Fast forward to December 4, 2015 and a further 16 officials were charged by US authorities investigating corruption in FIFA, following a daylight raid at the same hotel a day earlier.
"We had a big scandal. We know that Infantino worked really closely with Michel Platini as well, who was involved with this scandal," Patrik Arnesson, CEO and co-founder of Forza Football, told CNN in a phone interview.
Prior to working at FIFA, Infantino was UEFA's general secretary while Platini was the European governing body's president. Platini is currently serving a four-year ban from all "football-related activity."
It just feels too cosy, says Arnesson.
"I think one of these issues here is it feels like they're re-electing their friends -- and that is not how you tackle a big, big corruption scandal."
Using its app, Forza Football's survey drew on responses of 25,000 fans from over 50 countries, which is "more votes than FIFA get when they try to run their own polls," says Arnesson says.

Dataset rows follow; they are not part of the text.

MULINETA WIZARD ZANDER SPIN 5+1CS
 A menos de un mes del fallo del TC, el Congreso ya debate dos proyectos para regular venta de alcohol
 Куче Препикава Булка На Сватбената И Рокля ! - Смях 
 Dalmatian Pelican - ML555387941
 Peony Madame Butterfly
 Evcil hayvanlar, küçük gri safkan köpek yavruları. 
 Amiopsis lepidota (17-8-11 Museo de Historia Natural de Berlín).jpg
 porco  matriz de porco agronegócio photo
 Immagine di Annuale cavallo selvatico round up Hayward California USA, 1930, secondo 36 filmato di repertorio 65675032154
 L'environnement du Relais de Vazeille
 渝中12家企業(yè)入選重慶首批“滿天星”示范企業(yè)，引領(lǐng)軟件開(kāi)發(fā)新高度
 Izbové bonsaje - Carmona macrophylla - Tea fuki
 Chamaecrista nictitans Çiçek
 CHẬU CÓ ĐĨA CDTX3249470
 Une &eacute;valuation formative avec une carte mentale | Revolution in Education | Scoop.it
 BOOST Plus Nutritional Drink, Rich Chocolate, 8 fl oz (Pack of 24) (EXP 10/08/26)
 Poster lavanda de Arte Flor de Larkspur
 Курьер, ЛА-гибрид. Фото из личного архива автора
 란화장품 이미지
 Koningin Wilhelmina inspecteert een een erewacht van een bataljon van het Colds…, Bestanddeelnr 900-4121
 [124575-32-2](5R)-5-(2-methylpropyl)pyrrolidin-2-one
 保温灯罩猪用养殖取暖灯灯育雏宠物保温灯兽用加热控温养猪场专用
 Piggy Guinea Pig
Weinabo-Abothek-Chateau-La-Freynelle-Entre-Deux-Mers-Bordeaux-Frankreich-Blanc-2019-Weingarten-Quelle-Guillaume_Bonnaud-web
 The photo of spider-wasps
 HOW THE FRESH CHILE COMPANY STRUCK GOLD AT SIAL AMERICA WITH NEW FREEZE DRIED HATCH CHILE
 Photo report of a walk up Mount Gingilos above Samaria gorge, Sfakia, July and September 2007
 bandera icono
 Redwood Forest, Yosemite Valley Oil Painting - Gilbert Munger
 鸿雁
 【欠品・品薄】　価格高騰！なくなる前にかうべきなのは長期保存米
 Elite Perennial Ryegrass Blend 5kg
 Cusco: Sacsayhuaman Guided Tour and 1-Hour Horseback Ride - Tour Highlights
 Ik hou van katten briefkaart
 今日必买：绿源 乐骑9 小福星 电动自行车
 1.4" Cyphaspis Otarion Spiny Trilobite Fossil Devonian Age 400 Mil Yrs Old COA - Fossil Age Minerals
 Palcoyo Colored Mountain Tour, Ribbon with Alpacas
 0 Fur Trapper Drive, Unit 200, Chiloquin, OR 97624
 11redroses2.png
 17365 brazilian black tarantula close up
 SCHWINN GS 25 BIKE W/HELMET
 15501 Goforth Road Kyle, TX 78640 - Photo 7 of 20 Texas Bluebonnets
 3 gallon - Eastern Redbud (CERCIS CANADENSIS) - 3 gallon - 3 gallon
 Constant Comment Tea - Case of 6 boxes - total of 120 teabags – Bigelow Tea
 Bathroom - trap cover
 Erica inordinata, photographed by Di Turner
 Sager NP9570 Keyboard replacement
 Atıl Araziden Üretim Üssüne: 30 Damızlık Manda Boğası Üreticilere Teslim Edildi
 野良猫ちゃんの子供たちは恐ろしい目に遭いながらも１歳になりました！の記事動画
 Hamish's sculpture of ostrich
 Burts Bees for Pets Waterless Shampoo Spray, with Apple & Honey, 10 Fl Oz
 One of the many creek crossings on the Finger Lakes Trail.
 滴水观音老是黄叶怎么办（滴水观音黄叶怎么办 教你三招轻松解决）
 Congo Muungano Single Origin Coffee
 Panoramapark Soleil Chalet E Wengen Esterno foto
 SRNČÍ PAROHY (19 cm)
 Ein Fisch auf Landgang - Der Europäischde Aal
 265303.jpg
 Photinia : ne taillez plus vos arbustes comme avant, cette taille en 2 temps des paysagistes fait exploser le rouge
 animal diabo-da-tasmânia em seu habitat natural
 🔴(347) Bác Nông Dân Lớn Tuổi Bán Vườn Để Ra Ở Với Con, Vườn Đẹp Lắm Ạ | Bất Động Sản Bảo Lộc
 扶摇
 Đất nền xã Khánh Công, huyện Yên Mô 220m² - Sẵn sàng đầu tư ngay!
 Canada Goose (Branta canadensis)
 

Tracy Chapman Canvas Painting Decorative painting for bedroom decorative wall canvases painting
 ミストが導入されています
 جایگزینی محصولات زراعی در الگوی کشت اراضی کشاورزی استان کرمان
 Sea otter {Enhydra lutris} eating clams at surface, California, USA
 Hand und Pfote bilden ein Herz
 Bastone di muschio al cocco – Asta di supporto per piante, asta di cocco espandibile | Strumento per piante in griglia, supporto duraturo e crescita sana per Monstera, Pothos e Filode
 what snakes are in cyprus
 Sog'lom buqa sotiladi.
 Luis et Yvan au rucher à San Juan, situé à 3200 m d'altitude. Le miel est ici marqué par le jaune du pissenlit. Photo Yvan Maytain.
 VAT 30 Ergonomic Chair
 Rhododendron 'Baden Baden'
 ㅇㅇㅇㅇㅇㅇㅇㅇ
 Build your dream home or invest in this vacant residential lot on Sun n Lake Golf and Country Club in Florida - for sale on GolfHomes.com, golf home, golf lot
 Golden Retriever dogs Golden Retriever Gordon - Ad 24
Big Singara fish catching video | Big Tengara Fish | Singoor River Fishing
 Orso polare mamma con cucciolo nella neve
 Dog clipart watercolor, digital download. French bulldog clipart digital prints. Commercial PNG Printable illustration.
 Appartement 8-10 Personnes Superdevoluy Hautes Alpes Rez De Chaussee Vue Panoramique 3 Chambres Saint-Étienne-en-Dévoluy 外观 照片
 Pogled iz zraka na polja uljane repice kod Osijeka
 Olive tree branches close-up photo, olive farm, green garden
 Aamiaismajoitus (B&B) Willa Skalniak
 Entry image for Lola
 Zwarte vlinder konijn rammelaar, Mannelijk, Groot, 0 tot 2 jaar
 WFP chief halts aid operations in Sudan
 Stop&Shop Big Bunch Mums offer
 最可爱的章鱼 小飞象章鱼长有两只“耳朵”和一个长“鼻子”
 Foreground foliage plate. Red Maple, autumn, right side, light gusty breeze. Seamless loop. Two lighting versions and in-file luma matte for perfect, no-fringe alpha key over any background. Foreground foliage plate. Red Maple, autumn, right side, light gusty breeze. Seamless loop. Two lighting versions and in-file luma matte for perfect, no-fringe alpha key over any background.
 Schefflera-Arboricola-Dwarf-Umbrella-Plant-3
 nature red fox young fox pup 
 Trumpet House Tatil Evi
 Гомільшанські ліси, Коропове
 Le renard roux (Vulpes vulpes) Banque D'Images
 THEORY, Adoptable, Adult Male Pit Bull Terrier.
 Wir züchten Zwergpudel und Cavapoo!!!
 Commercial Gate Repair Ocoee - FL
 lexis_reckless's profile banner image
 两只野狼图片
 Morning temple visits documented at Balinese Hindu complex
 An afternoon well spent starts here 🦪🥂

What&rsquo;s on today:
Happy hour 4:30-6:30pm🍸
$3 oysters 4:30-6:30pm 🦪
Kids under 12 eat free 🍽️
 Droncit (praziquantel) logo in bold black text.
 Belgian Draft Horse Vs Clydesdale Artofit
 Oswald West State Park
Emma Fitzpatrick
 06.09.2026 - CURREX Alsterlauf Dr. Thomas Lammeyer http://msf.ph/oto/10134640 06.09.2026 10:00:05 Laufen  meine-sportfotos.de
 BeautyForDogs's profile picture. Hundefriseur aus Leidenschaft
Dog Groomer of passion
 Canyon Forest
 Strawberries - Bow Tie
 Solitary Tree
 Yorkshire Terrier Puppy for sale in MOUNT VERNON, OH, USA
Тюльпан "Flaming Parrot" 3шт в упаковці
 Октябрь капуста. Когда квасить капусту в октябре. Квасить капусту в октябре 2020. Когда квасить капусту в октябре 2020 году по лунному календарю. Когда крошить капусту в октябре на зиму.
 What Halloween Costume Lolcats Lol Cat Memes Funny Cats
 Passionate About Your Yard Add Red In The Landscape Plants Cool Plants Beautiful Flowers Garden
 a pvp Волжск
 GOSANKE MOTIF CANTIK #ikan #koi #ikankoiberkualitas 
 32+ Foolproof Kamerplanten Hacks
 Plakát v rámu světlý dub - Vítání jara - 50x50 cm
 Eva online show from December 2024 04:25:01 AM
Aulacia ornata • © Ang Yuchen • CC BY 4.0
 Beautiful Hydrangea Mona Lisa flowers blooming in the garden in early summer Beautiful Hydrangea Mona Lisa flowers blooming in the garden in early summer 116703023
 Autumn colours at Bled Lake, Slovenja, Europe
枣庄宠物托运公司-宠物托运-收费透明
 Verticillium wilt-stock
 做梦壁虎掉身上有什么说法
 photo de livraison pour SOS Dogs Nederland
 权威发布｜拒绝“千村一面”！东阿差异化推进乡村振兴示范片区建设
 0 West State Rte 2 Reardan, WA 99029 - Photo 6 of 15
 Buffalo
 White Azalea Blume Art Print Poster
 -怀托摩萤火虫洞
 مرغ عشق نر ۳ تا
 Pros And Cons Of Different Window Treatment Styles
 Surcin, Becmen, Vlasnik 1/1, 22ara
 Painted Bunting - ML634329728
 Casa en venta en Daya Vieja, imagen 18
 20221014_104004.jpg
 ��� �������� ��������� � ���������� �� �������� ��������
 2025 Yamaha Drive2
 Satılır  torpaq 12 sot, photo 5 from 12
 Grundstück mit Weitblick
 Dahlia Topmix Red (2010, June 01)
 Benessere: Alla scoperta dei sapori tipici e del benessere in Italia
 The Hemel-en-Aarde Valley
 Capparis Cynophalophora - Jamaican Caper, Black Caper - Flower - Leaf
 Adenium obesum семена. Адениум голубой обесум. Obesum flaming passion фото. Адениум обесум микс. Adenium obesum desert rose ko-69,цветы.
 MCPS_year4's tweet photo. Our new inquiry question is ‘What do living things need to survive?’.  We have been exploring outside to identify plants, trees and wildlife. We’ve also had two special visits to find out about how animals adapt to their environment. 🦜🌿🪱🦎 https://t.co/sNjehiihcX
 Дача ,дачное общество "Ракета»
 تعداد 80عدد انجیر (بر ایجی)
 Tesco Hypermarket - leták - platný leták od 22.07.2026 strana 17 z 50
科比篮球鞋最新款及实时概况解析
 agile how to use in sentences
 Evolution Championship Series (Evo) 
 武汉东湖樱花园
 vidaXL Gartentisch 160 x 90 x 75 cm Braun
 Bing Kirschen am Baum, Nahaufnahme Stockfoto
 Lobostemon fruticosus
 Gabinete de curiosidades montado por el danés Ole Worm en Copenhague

He believes the main problem is the structure of the organization, the same structure which allowed Blatter, who was FIFA president between 1998 and 2015, to run the world governing body for so long.
In an interview with CNN in April 2016, Blatter firmly refuted bribery allegations made against him, adding that his major regret was investing trust in the wrong people. Like Platini, Blatter is serving a ban from all "football-related activity."
"You need to try and redo everything from the beginning," added Arnesson. "I think that is the main problem, we haven't heard anything more about those questions: How and why did that scandal happen?
"I think the whole way it's structured is the problem and that is what you need to change. That's what makes it possible for one person to rule the organization for 17 years and for there to be so much corruption.
"That is what we should tackle and they don't seem to want to tackle it. So that is what we are trying to change."
In a statement sent to CNN, FIFA said it understands that it's reputation requires extensive rebuilding.
"FIFA acknowledges the gravity of the crisis that assailed the organization nearly two years ago and how misconduct from former football officials has tarnished FIFA's public image," a spokesperson told CNN.
"This is comprehensible and cannot be changed overnight -- or from one year to the other, for that matter. Therefore, we welcome surveys like the ones posed to users of the Forza Football app.
"Their results serve as a tool for FIFA to understand the expectations of the football fans and keep on striving to fulfill them."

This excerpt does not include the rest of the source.